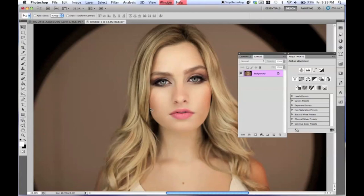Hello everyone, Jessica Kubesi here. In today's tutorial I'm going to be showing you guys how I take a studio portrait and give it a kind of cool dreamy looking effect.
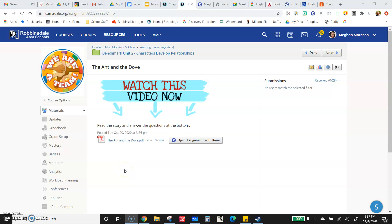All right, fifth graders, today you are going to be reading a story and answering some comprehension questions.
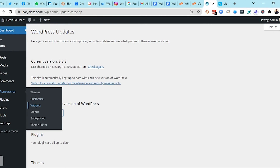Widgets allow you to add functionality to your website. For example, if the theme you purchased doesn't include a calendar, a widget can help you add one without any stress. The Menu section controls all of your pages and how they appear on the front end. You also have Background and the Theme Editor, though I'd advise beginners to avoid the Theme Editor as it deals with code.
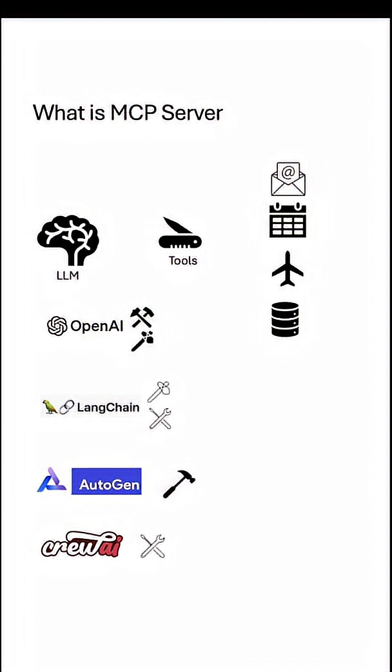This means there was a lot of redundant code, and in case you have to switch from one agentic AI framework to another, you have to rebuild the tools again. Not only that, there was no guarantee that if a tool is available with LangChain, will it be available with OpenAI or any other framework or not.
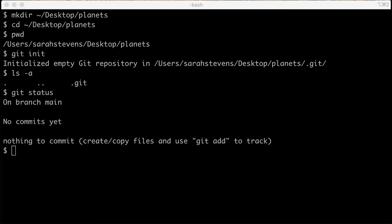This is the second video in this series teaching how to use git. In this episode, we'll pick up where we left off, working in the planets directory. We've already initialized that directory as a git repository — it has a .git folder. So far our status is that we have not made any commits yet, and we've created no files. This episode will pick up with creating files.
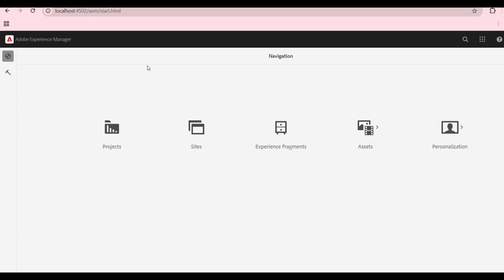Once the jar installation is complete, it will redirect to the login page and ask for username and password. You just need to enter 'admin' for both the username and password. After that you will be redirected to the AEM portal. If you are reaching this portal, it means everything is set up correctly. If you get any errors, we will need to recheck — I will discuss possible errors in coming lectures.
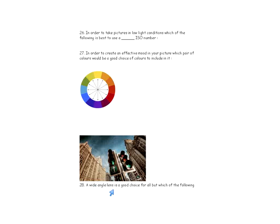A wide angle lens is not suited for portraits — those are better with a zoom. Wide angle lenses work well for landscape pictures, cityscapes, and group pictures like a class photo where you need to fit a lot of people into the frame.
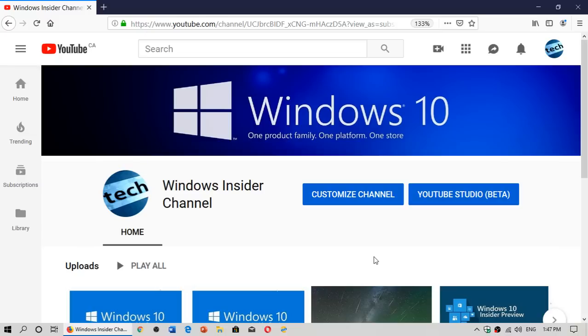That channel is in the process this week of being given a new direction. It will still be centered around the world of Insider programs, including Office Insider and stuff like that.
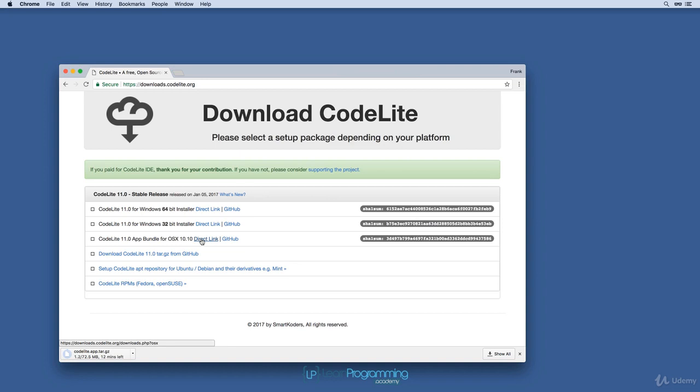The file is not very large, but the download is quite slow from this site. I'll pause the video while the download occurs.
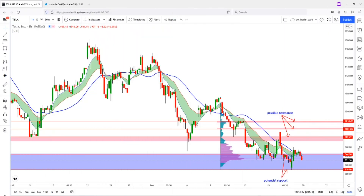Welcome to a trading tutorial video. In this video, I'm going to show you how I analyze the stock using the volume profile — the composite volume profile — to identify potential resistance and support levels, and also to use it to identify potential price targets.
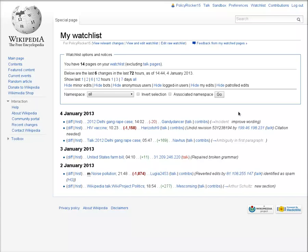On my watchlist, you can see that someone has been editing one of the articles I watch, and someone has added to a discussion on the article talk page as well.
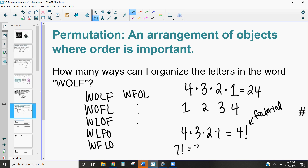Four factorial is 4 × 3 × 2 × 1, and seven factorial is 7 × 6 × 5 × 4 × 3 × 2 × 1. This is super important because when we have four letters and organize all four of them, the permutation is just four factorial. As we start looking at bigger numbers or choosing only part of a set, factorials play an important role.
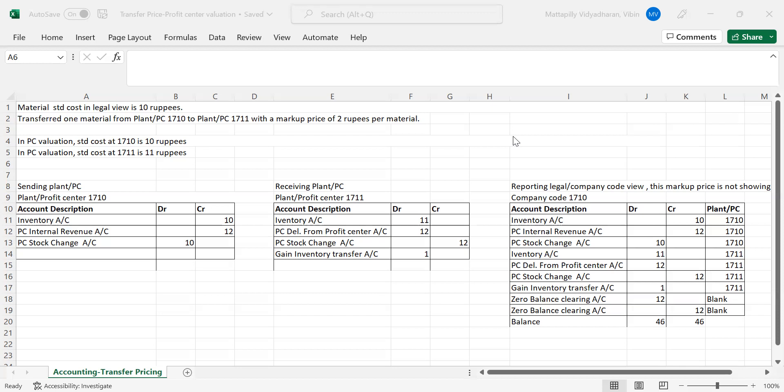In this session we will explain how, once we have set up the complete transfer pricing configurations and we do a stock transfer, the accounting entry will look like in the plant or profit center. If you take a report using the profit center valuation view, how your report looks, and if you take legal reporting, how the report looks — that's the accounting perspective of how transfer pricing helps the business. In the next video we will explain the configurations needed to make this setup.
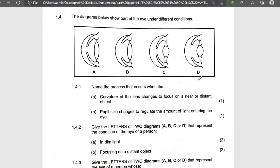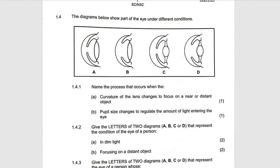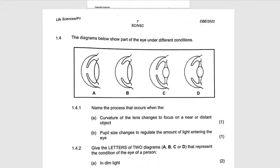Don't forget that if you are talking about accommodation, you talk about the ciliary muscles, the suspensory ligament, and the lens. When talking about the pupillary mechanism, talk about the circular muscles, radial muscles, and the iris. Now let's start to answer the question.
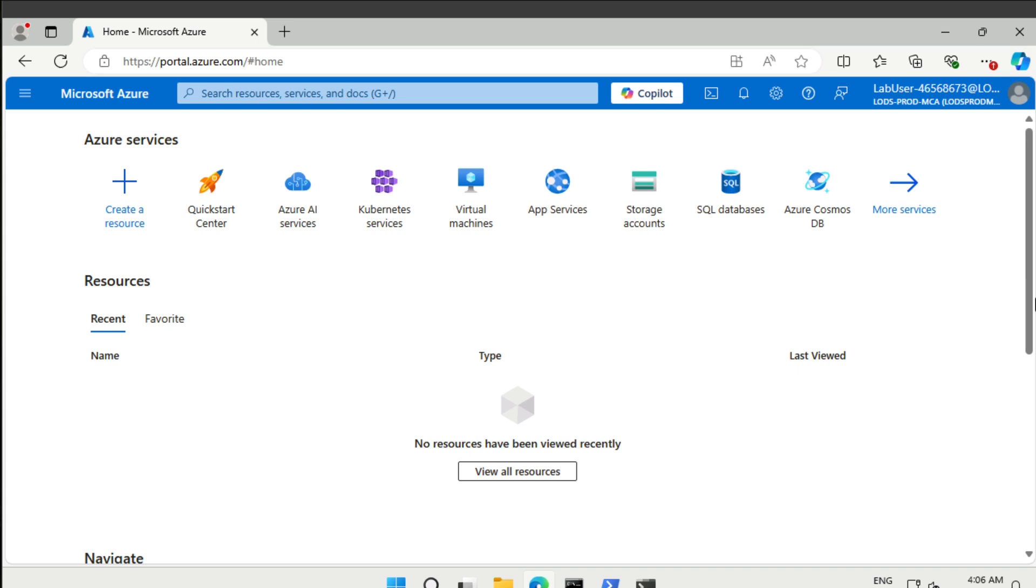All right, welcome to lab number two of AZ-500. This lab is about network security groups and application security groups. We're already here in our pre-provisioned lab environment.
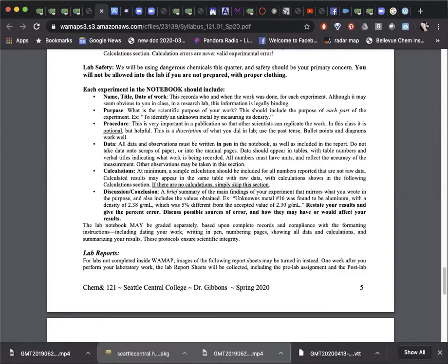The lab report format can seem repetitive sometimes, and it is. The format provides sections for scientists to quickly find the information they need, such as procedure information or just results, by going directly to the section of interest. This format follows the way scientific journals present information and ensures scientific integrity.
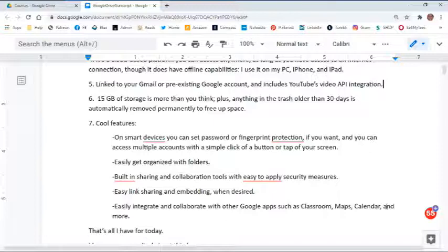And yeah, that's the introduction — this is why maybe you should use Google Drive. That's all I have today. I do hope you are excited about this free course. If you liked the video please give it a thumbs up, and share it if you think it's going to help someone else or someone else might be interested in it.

________

Starting with the first line of the data, transcribe every line exactly through the one containing "Widgets allow you". No pictures go in.

• _Task solution_
Hello everyone, Jessica Kubesi here. In today's tutorial I'm going to be showing you guys how I take a studio portrait and give it a kind of cool dreamy looking effect.
All right, fifth graders, today you are going to be reading a story and answering some comprehension questions.
Widgets allow you to add functionality to your website. For example, if the theme you purchased doesn't include a calendar, a widget can help you add one without any stress. The Menu section controls all of your pages and how they appear on the front end. You also have Background and the Theme Editor, though I'd advise beginners to avoid the Theme Editor as it deals with code.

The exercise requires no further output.